The Girl In The Spider’s Web Review (Minor spoilers, and they’re only spoilers if you haven’t seen the trailer)

I never expected The Girl In The Spider’s Web to hold a candle to Fincher’s Dragon Tattoo, but I like the cast and director enough that I expected it to be at least solid. Claire Foy was also no small part of my anticipation; I haven’t seen The Crown but she’s given two of my favorite performances of the year with Unsane and First Man so I knew I was going to see it as soon as I could because of her alone.
I still cannot believe what I just witnessed.
Alvarez’s direction, at its best, is brisk and tight, but these moments are few and far between.
A notch right below its best is solid but “off”. Sometimes he clearly has some interesting framing and editing in mind but at these moments it always feels like there’s a few shots more than necessary, and whatever interesting ideas he had in mind don’t come to fruition. Other times he’s trying to incorporate two different styles, going for a sleek sort of perfectionism and a gritty handheld. I’m not opposed to these different styles being in the same movie, the same scene, or even separated by a single cut but Alvarez seems to just have no idea what he’s doing in combining these styles, and it doesn’t help that at its worst he’s clearly trying to do gritty handheld just for the sake of gritty handheld.
And don’t get me started on the crosscutting.
So that’s his direction at its high points, which I would say makes up maybe 30-40% of the movie. The rest is aimless and atrocious. Two or three shots more than necessary becomes 5 or 6 and the movie dwells on things it has absolutely no reason to. It’s aimless and atrocious.
The awful filmmaking might have been endurable if the script was any good; as incompetent as the filmmaking of The Predator was I at least appreciated the majority of the script and its attempt at economic storytelling.

But

Yeah

No.

The whole thing is devoid of personality that it is so, so desperate for. Any sense of (dare I say) “edge”, sexuality or dark humor feel tacked on because “that’s what a Lisbeth Salander movie should have, right?” Unlike Fincher’s film, in which the characters struggles and the forward motion of the different plots are beautifully in sync, there is no synergy between the character development and the plotting. There are designated “emotional moments”, designated “plot moments” (which take up the meat of the movie) and an occasional forced overlap that you can’t really blame on the actors because they aren’t given squat to work with. Fincher’s film is full of character whereas the most Spider’s Web can give us is “let’s have the characters be sad for a little bit about their traumatic past/love triangle.” The build up of Camilla Salander is also incomprehensible and dramatically inept; the film can’t decide if she’s supposed to be an unknown, mysterious figure or “the one that Lisbeth didn’t save” and it leads to her presence being all over the place. (Though she has a monologue that’s, mercifully, one of the only effective parts of the movie visually and dramatically).

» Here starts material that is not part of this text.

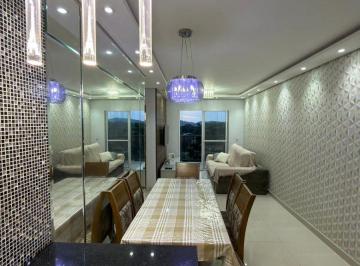 Apartamento de 2 quartos, Santana de Parnaíba · Apartamento de 56M² com sacada _ BAIXOU O PREÇO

Alvarez also seems to want to show off by having long stretches of no dialogue (which you’d think would be a mercy); I don’t know, maybe he wanted to show off his “visual storytelling”. Regardless, these moments are only memorable in the sense that I noticed them and spent their entirety waiting for him to do something interesting or dramatically effective with them. This theoretically could have happened if the generic, royalty-free sounding score wasn’t lazily slapped on for every second, but I guess we’ll never find out.

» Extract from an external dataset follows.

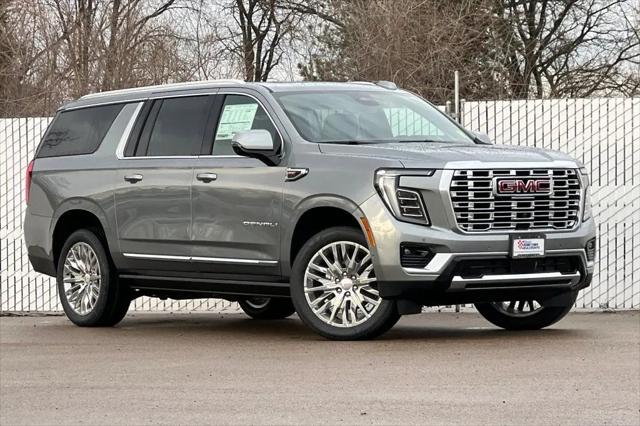 2026 GMC Yukon XL 4WD Denali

Anyway, the movie’s garbage, and that’s a shame. The only thing I can hope for is that its financial failure could maybe possibly theoretically inspire Sony to finally go through on the sequel to the 2011 film with the original cast and crew, the way the Jason Momoa Conan reboot got a sequel up and going for an Arnold Conan movie (which was also cancelled). But as the likelihood of that happening is non-existent, I’m gonna do my best to just forget I ever watched this thing and still look forward to Alvarez’s Don’t Breathe sequel and whatever Foy and the rest of the cast will do in the future.